* TASK DIRECTIONS
Look below for the line that has "82 Gaskill Street". Set down the lines from there through the line that has "Apartments And Rooms", exactly as written.

* EXTRACTED INFORMATION
━━━━━━━━━━━━━━━━━━━━
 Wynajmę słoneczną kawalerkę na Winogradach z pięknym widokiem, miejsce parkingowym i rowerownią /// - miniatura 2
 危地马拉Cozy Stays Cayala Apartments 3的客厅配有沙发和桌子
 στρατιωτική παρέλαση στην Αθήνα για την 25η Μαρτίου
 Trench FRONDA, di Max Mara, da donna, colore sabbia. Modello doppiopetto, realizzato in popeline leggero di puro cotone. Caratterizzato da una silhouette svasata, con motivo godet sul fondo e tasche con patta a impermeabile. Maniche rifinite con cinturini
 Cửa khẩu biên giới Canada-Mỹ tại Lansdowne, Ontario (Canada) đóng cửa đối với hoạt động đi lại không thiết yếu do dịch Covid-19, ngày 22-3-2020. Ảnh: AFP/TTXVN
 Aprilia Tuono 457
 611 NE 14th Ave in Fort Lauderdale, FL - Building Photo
━━━━━━━━━━━━━━━━━━━━
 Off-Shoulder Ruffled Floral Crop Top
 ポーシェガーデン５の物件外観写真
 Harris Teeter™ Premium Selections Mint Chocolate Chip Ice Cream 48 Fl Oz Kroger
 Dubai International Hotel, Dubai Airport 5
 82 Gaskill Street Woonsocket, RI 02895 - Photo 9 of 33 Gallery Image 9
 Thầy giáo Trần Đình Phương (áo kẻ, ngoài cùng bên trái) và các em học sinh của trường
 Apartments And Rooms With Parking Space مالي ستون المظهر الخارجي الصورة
━━━━━━━━━━━━━━━━━━━━
* TASK RESPONSE
 82 Gaskill Street Woonsocket, RI 02895 - Photo 9 of 33 Gallery Image 9
 Thầy giáo Trần Đình Phương (áo kẻ, ngoài cùng bên trái) và các em học sinh của trường
 Apartments And Rooms With Parking Space مالي ستون المظهر الخارجي الصورة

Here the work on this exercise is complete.